# A/C 101: General principles, and the BMW design



## RKT BMR (Sep 7, 2002)

There have been several threads regarding AC performance and loading impact on the board recently, and a quite lively discussion about the topic in general. As such, I thought it would be helpful to share what I know about these systems to help people better understand the topic, and perhaps clear up some questions/misconceptions people might have. So, here we go...

All cooling systems rely on the basic thermodynamic physics of gases. We've all experienced the effect of releasing a gas under pressure, confined to a small volume, and it's drop in temperature. A butane refill cylinder gets cold when refilling a lighter; scuba tanks get cold if you open them up and let the compressed air shoot out; a balloon, filled to capacity, will feel cold when all the air is allowed to escape unregulated.

This is the basic physics behind refrigeration, and is what drives your AC system. A particular chemical compound is carefully chosen as the "working fluid" to be used for creating this cooling effect so that it's boiling temperature is at just the right place under the various pressures used in the system so that it will condense to a liquid while under high pressure, and when pressure is released will vaporize into a gas, cooling tremendously in the process.

A basic AC system is really quite simple. It has the following components:

A compressor, to pressurize the working fluid to high pressures.
A Condenser, to cause the working fluid to condense into a liquid, under pressure.
An expansion valve, to provide a mechanism to allow the high-pressure liquid to expand into a low-pressure environment thereby vaporizing and cooling off in the process of gas expansion
An evaporator, to transfer the cold conditions of the gaseous working fluid to the cabin air.
And that's pretty much it. The entire system is a close loop as shown in this diagram:










Now, of course, all the complication comes from _controlling_ this process to achieve optimal results. However, the basic principle is rather simple:

The compressor compresses the working fluid (in a gaseous state) to high pressure. This heats it up to well above ambient air temperature, even on a hot day.
The high-pressure, hot gas then goes through the condenser, which is just like your engine's radiator, where ambient air passing through the coils and fins cools off the high pressure gas causing it to condense into a liquid (remember, the chemical chosen as the working fluid was chosen specifically to condense and evaporate at the pressures and temperatures the various stages of the system were designed for). It is this stage where the heat extracted from your car's interior is shed to the outside world.
The now liquid working fluid, still at the same high pressure but now much cooler, moves to the expansion valve (which is effectively just a tiny orifice restricting the flow, keeping pressure high on one side, low on the other), where it is allowed to expand enormously in volume into a significantly lower pressure environment. Again, due to the boiling-point characteristics of this material, it vaporizes completely as it expands and pressure drops, and in the process get *VERY COLD*.
The now freezing cold, low-pressure gas then goes through the evaporator, essentially another radiator through which the cabin air is circulated, and this cools the cabin air off, heats the working fluid, thereby transferring heat from the cabin to the working fluid.
The WF then returns to the compressor, where the whole cycle repeats.
Now, if all relevant variables were held constant -- outside air temp, interior air temp, compressor RPM, etc. -- the system would be very simple, as the various pressures and temperatures in the system would essentially remain constant, so things like the orifice size for the expansion valve, the amount of compression the compressor produces, etc., could be designed for these static conditions.

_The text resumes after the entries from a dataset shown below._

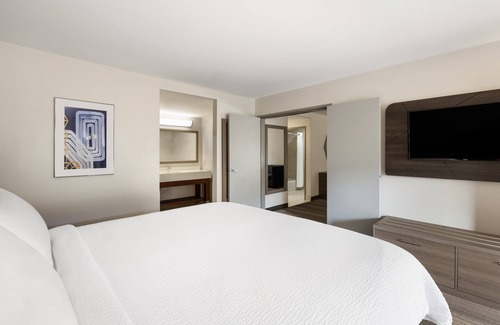 Simi Valley Hotel | Holiday Inn Express Simi Valley by IHG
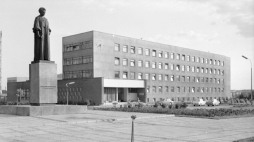 Budynek UMCS. Z lewej widoczny pomnik patronki uniwersytetu. 1969 r. Fot. NAC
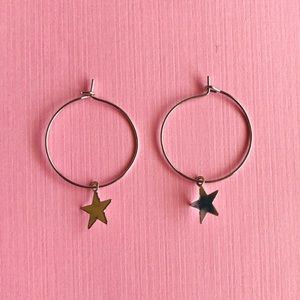 Small silver star hoop earrings 🌟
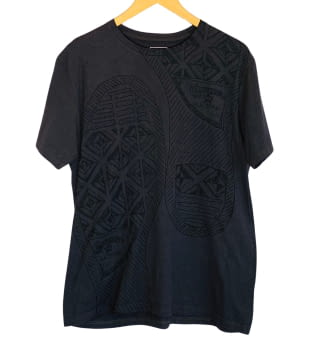 Camiseta gris oscuro, de la marca Converse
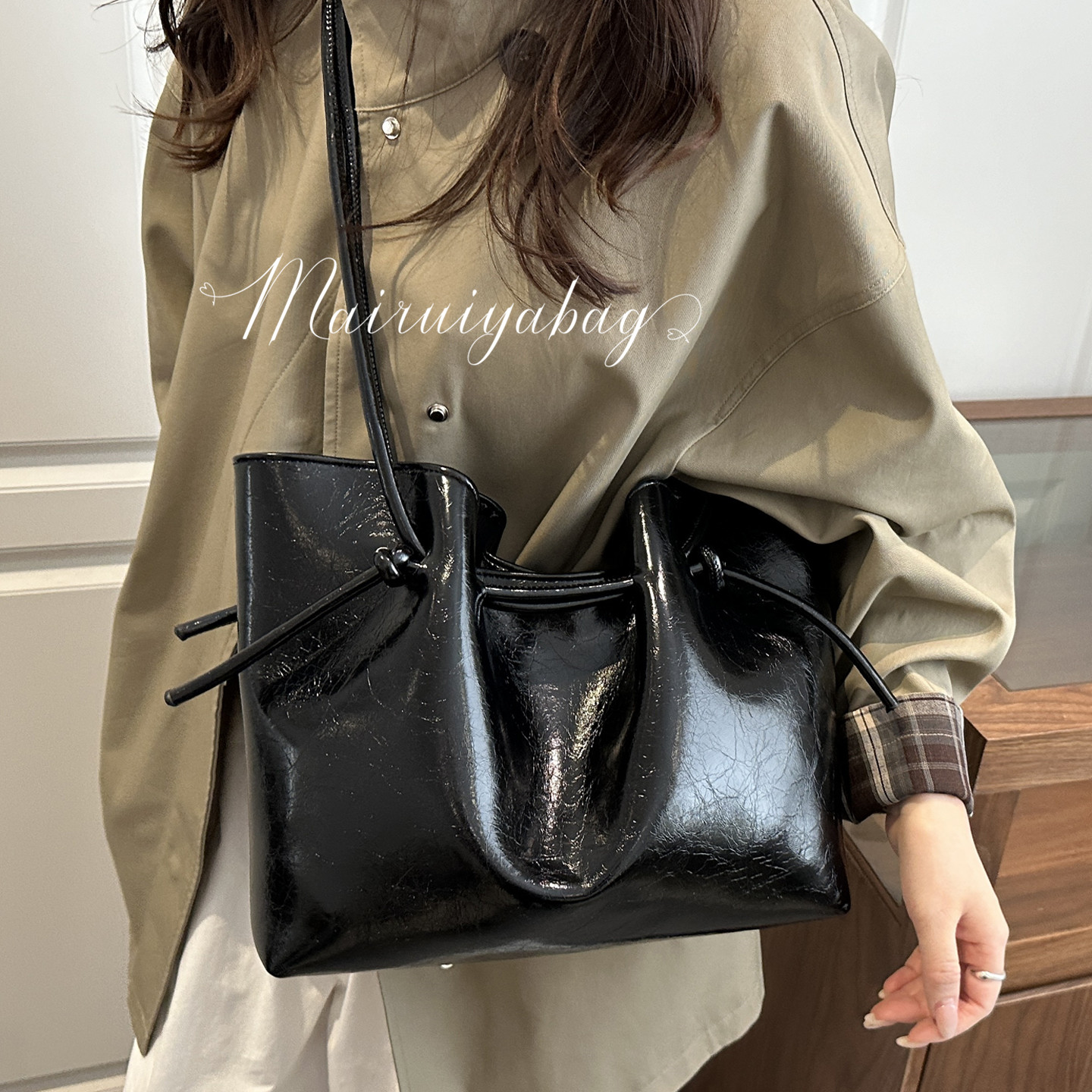 质感韩系大容量复古棕色托特包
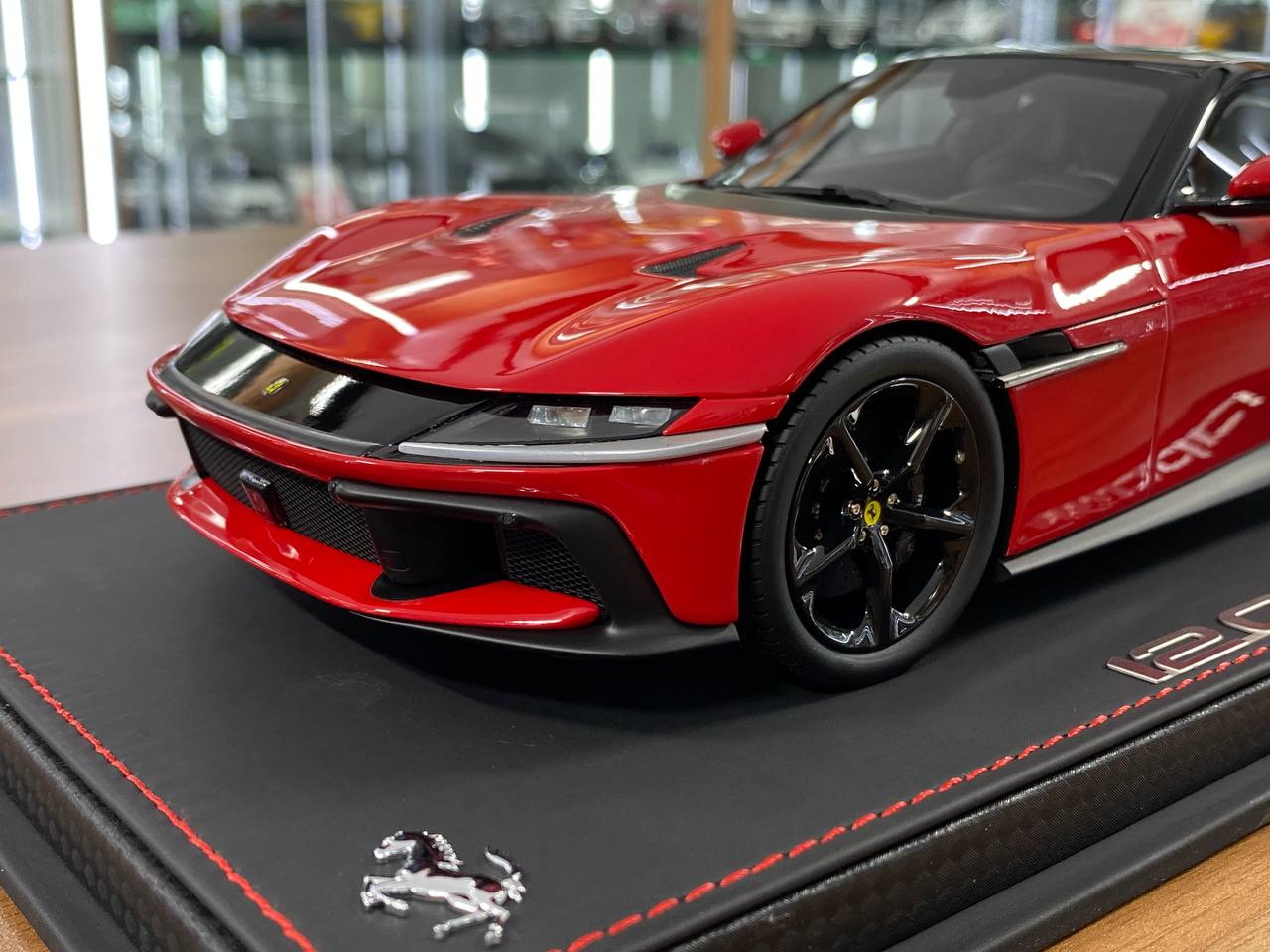 1/18 Resin Ferrari 12 Cilindri – BBR Models in Rosso Corsa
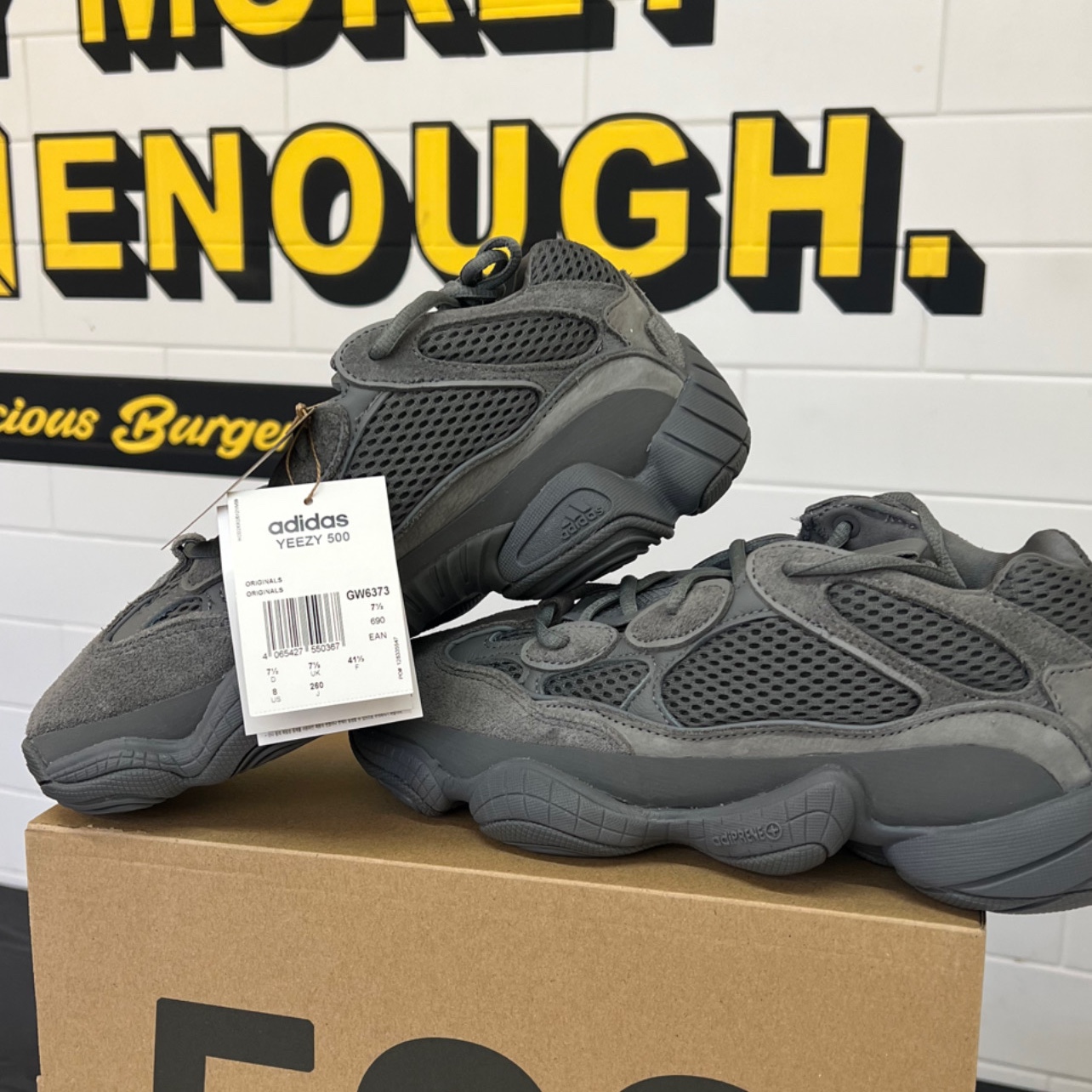 Adidas Yeezy 500 Granite 착용 스타일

Of course, the real world doesn't work that way. So additional mechanisms have to be designed in to the system to provide for some variability in operating conditions. For example, when the ambient weather conditions are very hot, the rate of heat energy that the AC must remove from the cabin air to maintain temperature is much greater; this will result in higher temperature, higher pressure return gases to the compressor. However, if the overall system were designed specifically to optimize these operating conditions, when it is cold outside and the AC is turned on, we might find liquid returning to the compressor rather than gas (as little heat energy is being removed in the evaporator stage of the system), and having liquid -- which is incompressible -- enter the compressor could be catastrophic!! Good-bye compressor.

So, an AC system employs temperature and pressure sensors to monitor the working fluid on both the high-pressure and low-pressure sides of the system, then adjusts operation in several ways (discussed shortly) to keep these temperatures and pressures within safe, functional margins so the system works effectively under widely varying environmental and load demand conditions.

The classic way of controlling an auto AC system to adjust operation to match load conditions is to simply provide a means to turn the compressor on and off. By doing this, when pressures get out of whack (high side too high, or low side too low), the compressor is just turned off, and gradually the two sides of the system will act to equalize through the expansion valve, lowering pressure on the high side, and raising it on the low side. When pressures get back within a specified operating margin, the compressor is again enabled.

On a hot day, the low pressure side will generally stay at a higher pressure, on average, than it will on a cold day, because of all the heat in the cabin air that is heating up (thereby increasing the pressure) of the WF in the evaporator. So, on average, the compressor will run longer, and it's disengagement periods will be shorter, than on a cold day, when the low-side pressures will tend to stay low and for longer due to the _lack_ of heating by cabin air. Engagement of the compressor is achieved via an electrically actuated clutch mechanism on the compressor drive pulley in most systems, and this is what you hear clicking on and off in some cars (particularly older model vehicles) when the AC is on.

You also probably have noticed that when it cycles on, there is an unmistakable parasitic load on the motor, and the vehicle is sluggish feeling as compared to when it is off. This is because in such fixed-compressor designs when the compressor is on, it is compressing at it's maximum capability at all times. This amount of compression needs to be sufficient to provide cooling under the most demanding of conditions (say, Phoenix AZ in the summer at 115°F), with some design margin above that to allow for system wear and other degradation over the life of the car.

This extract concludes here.